Choosing multilingual identification on indexing with API

When indexing or reindexing a video using the API, choose the multi-language detection option in the sourceLanguage parameter.

Model output

The model retrieves all of the languages detected in the video in one list

"sourceLanguage": null,
"sourceLanguages": [
    "es-ES",
    "en-US"
],

Additionally, each instance in the transcription section includes the language in which it was transcribed

{
  "id": 136,
  "text": "I remember well when my youth Minister took me to hear Doctor King I was a teenager.",
  "confidence": 0.9343,
  "speakerId": 1,
  "language": "en-US",
  "instances": [
    {
       "adjustedStart": "0:21:10.42",
       "adjustedEnd": "0:21:17.48",
       "start": "0:21:10.42",
       "end": "0:21:17.48"
    }
  ]
},

Guidelines and limitations

Audio that contains languages other than the ones you selected produces unexpected results.
The minimal segment length for detecting each language is 15 seconds.
The language detection offset is 3 seconds on average.
Speech is expected to be continuous.
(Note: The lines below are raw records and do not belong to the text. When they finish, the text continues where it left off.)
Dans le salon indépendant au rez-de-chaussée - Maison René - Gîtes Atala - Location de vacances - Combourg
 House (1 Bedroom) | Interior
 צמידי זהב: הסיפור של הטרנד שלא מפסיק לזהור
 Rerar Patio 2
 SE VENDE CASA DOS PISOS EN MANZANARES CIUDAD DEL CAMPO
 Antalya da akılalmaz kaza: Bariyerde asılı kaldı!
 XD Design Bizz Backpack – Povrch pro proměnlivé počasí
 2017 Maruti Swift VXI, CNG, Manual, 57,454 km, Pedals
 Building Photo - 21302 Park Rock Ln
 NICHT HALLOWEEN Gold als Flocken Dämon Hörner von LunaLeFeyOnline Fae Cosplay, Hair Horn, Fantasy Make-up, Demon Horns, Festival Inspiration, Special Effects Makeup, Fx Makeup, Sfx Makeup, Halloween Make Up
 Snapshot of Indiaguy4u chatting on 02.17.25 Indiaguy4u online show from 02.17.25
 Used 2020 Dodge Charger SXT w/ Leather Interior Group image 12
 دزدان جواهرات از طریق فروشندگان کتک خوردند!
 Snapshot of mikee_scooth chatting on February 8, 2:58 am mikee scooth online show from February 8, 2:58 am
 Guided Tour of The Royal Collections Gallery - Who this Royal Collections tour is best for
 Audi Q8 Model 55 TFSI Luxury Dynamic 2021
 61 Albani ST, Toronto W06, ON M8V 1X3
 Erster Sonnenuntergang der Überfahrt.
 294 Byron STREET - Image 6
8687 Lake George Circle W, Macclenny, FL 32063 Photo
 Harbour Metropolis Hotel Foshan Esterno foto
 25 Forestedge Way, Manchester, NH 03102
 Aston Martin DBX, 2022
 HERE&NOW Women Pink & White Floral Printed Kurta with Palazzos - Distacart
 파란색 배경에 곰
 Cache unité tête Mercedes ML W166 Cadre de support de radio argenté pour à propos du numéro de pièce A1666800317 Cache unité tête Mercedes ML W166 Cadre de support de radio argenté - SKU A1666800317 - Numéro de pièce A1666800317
Frequent alternations between languages might affect the model's performance.
The speech of non-native speakers might affect the model's performance (for example, when speakers use their first language and they switch to another language).
The model is designed to recognize spontaneous conversational speech with reasonable audio acoustics (not voice commands, singing, etc.).
Project creation and editing are not available for multi-language videos.
Custom language models aren't available when using multi-language detection.
Adding keywords isn't supported.
The language indication isn't included in the exported closed caption file.
The update transcript in the API doesn't support multiple languages files.